> [TASK INSTRUCTIONS]: Reproduce each line below precisely. Drop the pictures.

> [DATASET SECTION]:

________________

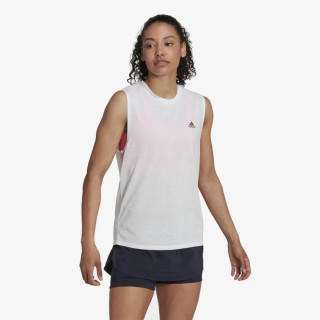 adidas Tricou fara maneci Run icons 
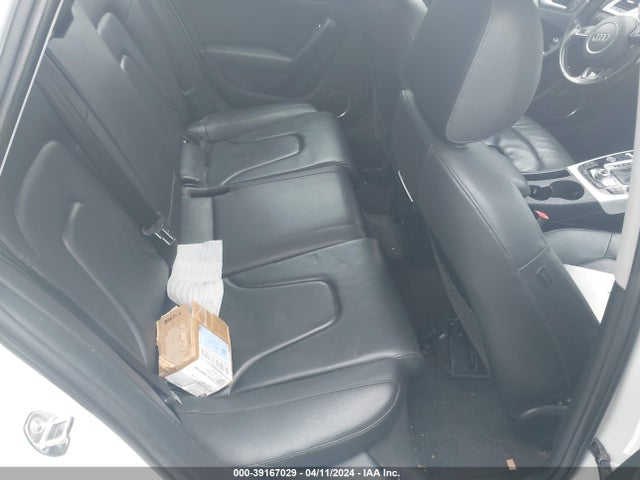 Audi A4 2.0t Premium 2015 WAUFFAFL9FN025701 Image 8
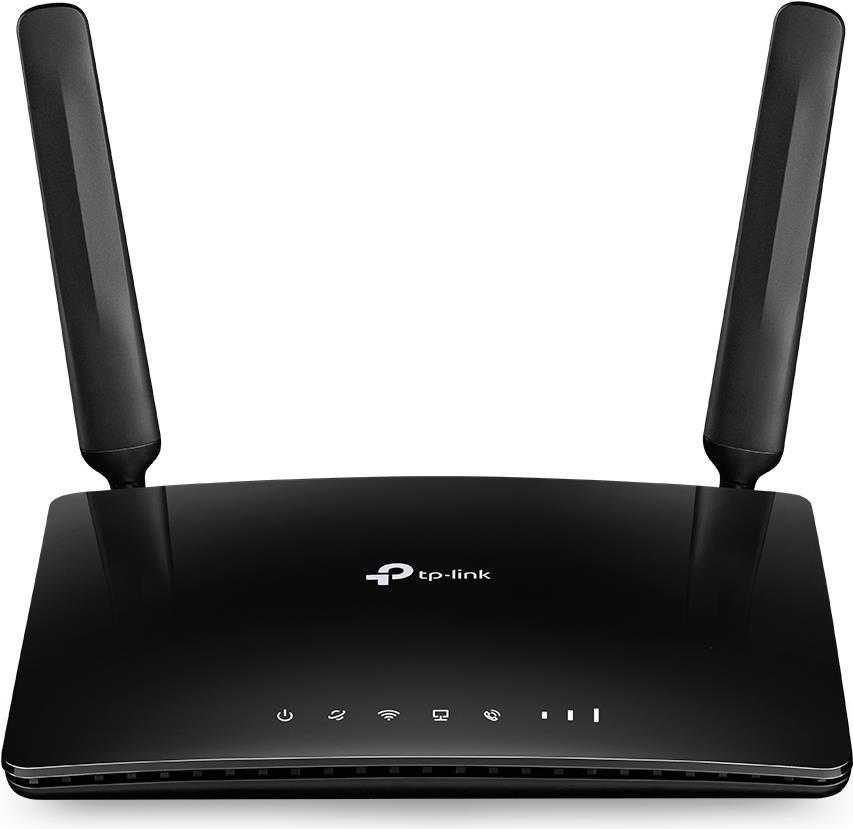 TP-Link TL-MR6500V – V1 – Wireless Router – WWAN – 3-Port-Switch – 802.11a/b/g/n/ac – Dual-Band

________________

> [ANSWER BOX]:
 adidas Tricou fara maneci Run icons 
 Audi A4 2.0t Premium 2015 WAUFFAFL9FN025701 Image 8
 TP-Link TL-MR6500V – V1 – Wireless Router – WWAN – 3-Port-Switch – 802.11a/b/g/n/ac – Dual-Band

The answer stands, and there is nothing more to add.